> [Brief] Repeat the data exactly as given below, dropping every picture.

> [Stored data]
========

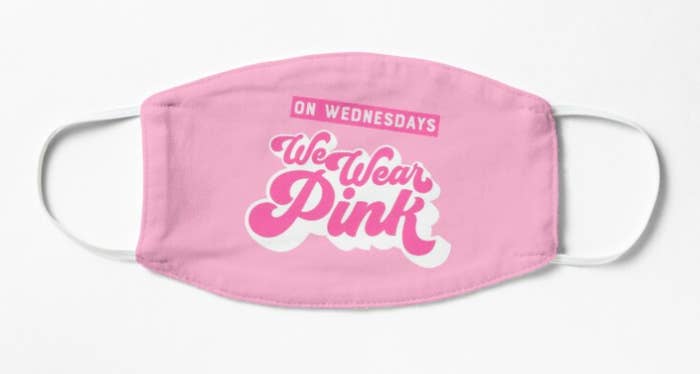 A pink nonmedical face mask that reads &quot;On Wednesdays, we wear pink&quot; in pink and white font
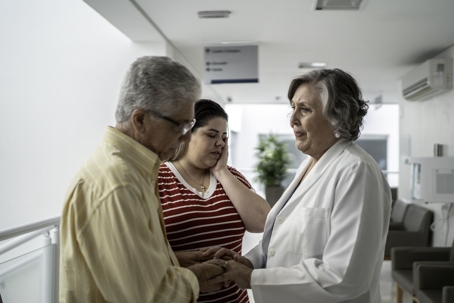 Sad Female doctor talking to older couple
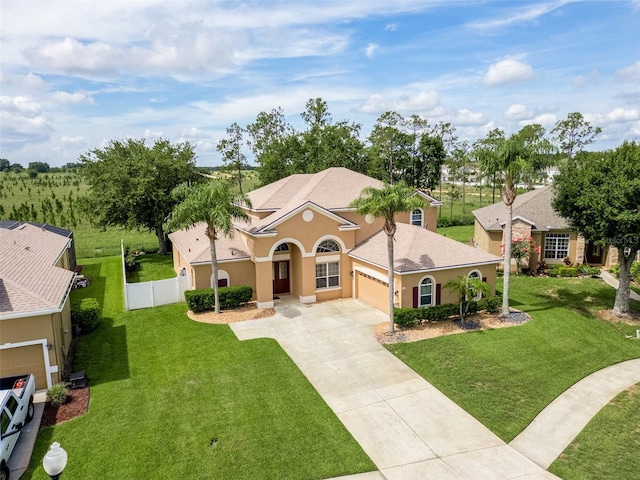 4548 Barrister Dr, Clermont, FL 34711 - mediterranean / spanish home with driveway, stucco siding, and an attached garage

========

> [Answer space]
 A pink nonmedical face mask that reads &quot;On Wednesdays, we wear pink&quot; in pink and white font
 Sad Female doctor talking to older couple
 4548 Barrister Dr, Clermont, FL 34711 - mediterranean / spanish home with driveway, stucco siding, and an attached garage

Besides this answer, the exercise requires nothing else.